Reagan was going berserk with the military budget. Things
looked pretty hopeless. So my wife and I began preparing to
move to New Zealand. By 1982 we had our passports and
traveling papers. That year, though, the national nuclear
freeze campaign had their conference in Denver. We attended,
and by the time the conference was over we'd decided to stay
and fight."
He attended meetings. He gave speeches. He marched on
nuclear test sites in Nevada. ("I've been in jail with Carl
Sagan and Daniel Ellsberg," he says. "Daniel Ellsberg
twice.") He taught a course out of the Boulder Teacher's
Catalogue called "Get Smart on the Arms Race." ("The class
is not anti-U.S.; it is anti-war," a course summary in the
1986 catalogue explains.)
In the snatches of free time between nuke battles,
Zimmermann continued feeding a lifelong fascination with
secret codes. "I've always been interested in cryptology,
ever since I was a kid," he says. "I read Codes and Secret
Writings by Herbert Zimm, which showed you how to make
invisible ink out of lemon juice. It was pretty cool.

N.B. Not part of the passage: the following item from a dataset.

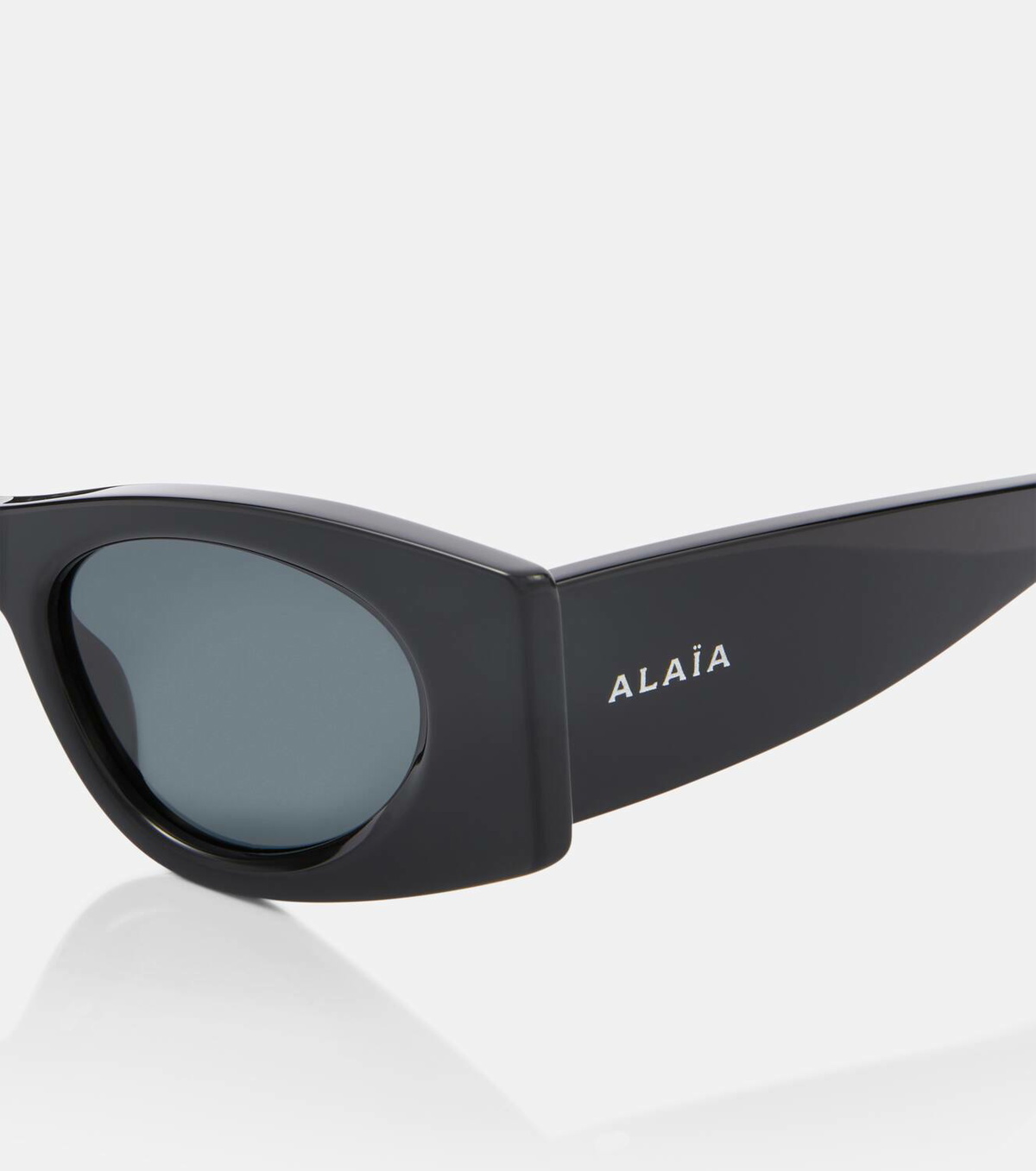 Alaïa Logo oval sunglasses ALAÏA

"When I got to college I discovered that you could use
computers to encode things. I started writing codes, and I
thought they were so cool and impossible to break. I now
know that they were trivial and extremely easy to break."
For Zimmermann, who is 39 years old, writing and
breaking codes had always been just a hobby, albeit an
increasingly intensive one. Up until 1976, that is, when his
hobby became an obsession that would absorb the next fifteen
years of his life. That's because, like everyone else who
had been dabbling in encryption at the time, Phil Zimmermann
was swept away by the revolutionary concept of public-key
cryptography and the RSA algorithms.
-*-*-*-*-*-
Secret codes have been used for thousands of years, but
they have always operated on the same principle: The words
or letters of the message to be encoded- called the
"plaintext"- are replaced by other words, letters, numbers,
and symbols. These are then shuffled, rendering the
communication incomprehensible.
As spies and other secretive sorts began to use
computers, the basic idea remained the same. But the
substitution and shuffling became increasingly complex.

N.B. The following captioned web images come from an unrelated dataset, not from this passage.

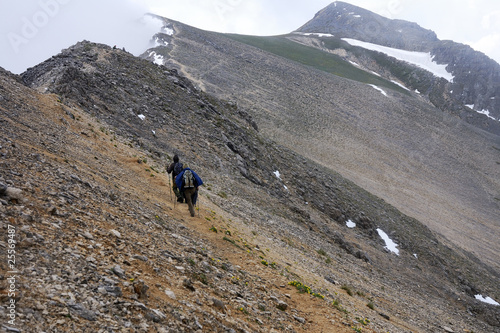 escursionisti su sentiero di montagna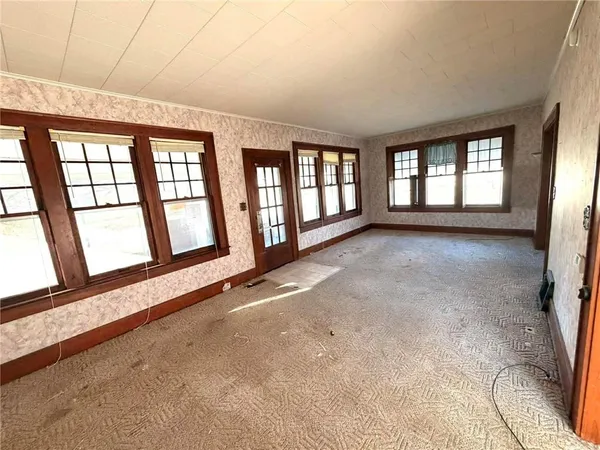 $79,900 | 502 East 14th Street, Baxter Springs, KS 66713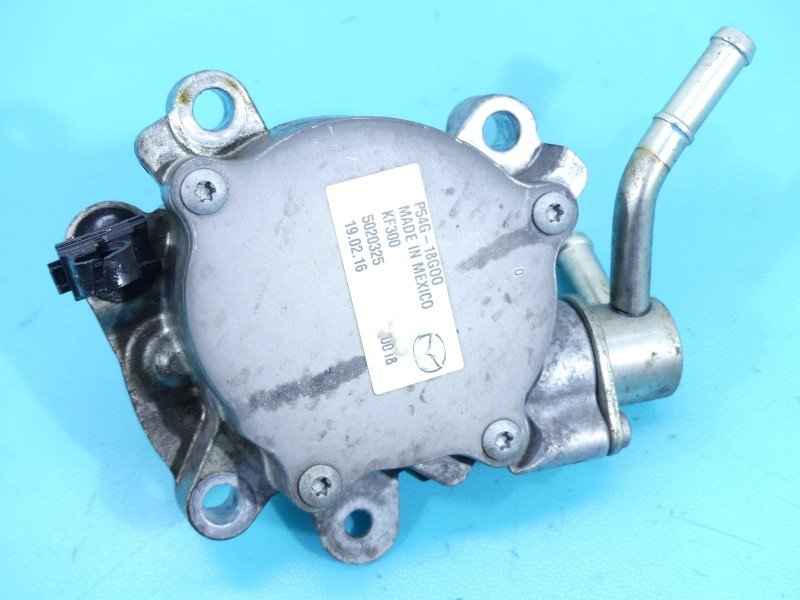 Pompa vacum 3 III BM 13-18 P54G-18G00 2.0 16v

(Just how complex is difficult to grasp. This summer a panel
of experts met to evaluate NSA's most recent encryption
system. They concluded that it would take a Cray
supercomputer 400 billion years of continuous operation to
exhaust all the possible substitutions.)
Yet even with the most scrambled substitutions,
encryption always suffered from a glaring weakness: A code
is only as secure as the channel over which it travels. What
this has meant practically is that messages- whether flown
by pigeon or broadcast over a shortwave- could always be
intercepted by the enemy.
This was particularly dangerous when it came time to
share the code's "key." Traditionally, codes were always
encrypted by a key that would garble, say, plain English
into unreadable gobbledygook. The encoded message would then
be sent to the recipient, who would use the same key to
translate the message back into English.
The problem with this, of course, is: How do you get
the key from one place to another without danger of its
being intercepted? After all, once a key is swiped by the
bad guys, the entire code is rendered useless. Worse yet,
what if you had no idea the key had been stolen, and your
enemies continued to freely read messages you thought were
protected? This is especially troublesome when you're
trying to maintain a large network of secret sharers.

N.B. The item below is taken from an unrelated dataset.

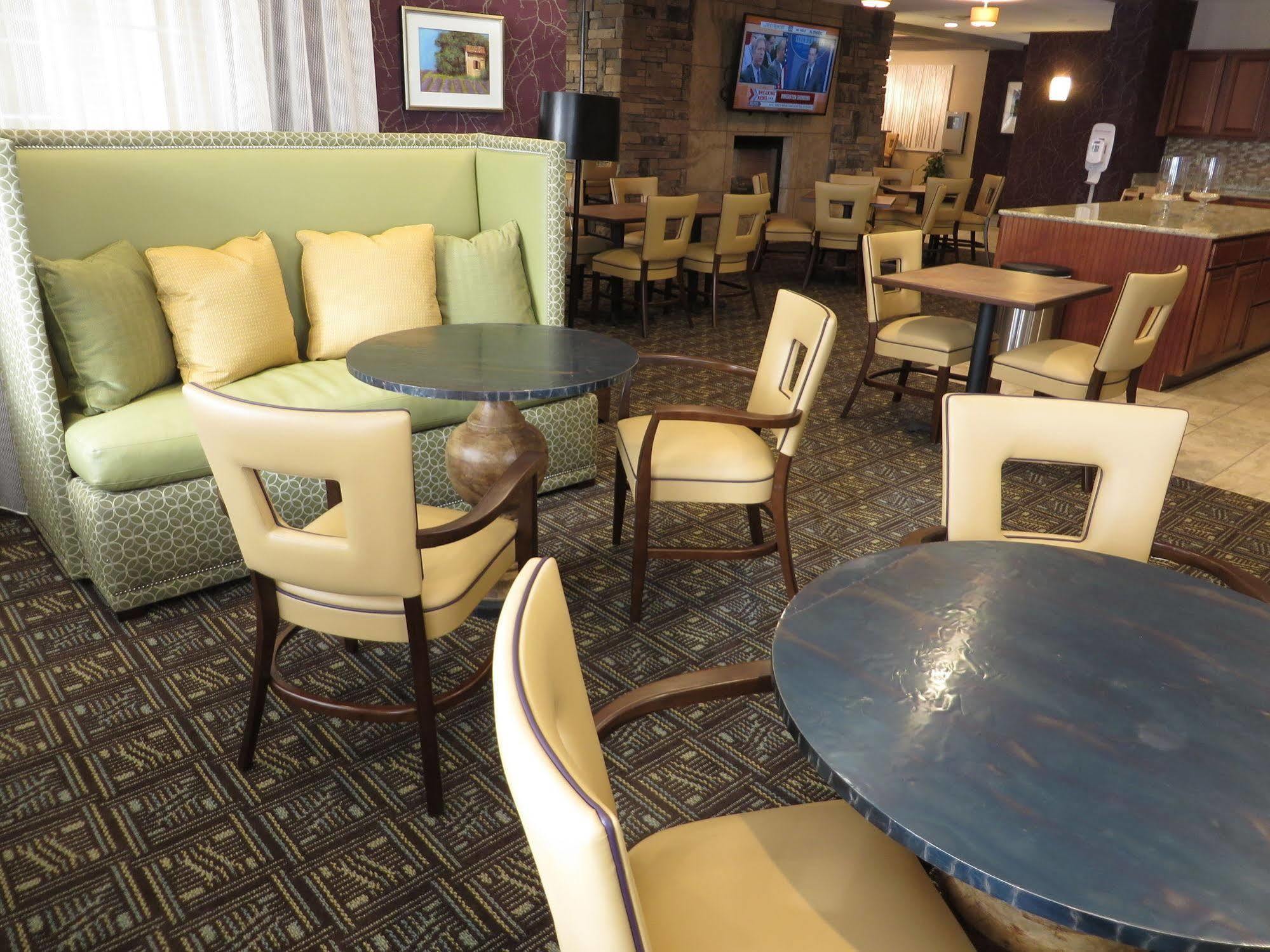 Hotel Wingate By Wyndham Elkins Esterno foto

Surprisingly, this ancient glitch was not cleared up
until the spring of 1975. That's when a Stanford computer
junkie named Whitfield Diffie created a crypto-revolution
called public-key cryptology, a system simple in theory- but
complicated in practice- that effectively solved the problem
of key sharing.
What Diffie did was imagine a system with two
mathematically related keys, one public and one private. The
public key could be as public as a published address. The
private key would not be shared by anyone. The connection
was that a message encoded with one key could be decoded
with the other.
To understand how this works, imagine the keys as
public and private telephone numbers. The sender garbles a
message with the receiver's public key, obtained from the
computer equivalent of a phone book. Once sent, the only way
the message can be decoded is with the receiver's
mathematically related private key.
Since each receiver has his own private key, no one has
to share keys, and there is no danger of having the solution
to the code intercepted. Equally important, each encoded
message could bear the unique signature of its sender. (The
sender encodes the message with his private key. The
receiver affirms the message's authenticity by using the
sender's mathematically related public key to unscramble the
communication.) This eliminates the potential for some
meddling third party to send a false message.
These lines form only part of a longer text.